§ WORK INSTRUCTIONS
A single count is required: the lines of the data below in which the word "Silicone" occurs.
════
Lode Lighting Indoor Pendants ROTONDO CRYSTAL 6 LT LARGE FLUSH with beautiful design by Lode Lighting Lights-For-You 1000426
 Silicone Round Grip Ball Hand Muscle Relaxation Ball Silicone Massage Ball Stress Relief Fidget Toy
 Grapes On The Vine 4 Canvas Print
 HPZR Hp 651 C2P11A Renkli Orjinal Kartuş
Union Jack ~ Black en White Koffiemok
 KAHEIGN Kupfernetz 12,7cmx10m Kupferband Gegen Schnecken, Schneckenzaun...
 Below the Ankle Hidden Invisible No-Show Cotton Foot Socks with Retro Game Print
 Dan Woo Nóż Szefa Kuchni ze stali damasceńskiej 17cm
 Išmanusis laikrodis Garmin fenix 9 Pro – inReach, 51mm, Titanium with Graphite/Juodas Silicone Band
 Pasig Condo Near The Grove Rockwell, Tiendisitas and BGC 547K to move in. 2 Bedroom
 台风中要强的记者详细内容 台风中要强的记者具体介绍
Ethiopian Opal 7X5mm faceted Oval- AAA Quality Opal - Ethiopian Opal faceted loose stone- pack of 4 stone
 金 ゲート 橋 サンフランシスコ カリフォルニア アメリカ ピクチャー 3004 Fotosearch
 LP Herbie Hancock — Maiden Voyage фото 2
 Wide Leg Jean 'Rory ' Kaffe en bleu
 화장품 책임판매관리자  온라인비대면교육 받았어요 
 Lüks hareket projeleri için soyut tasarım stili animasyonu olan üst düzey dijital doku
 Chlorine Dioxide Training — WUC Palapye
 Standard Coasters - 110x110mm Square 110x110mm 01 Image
════
§ RESULT OF THE TASK
2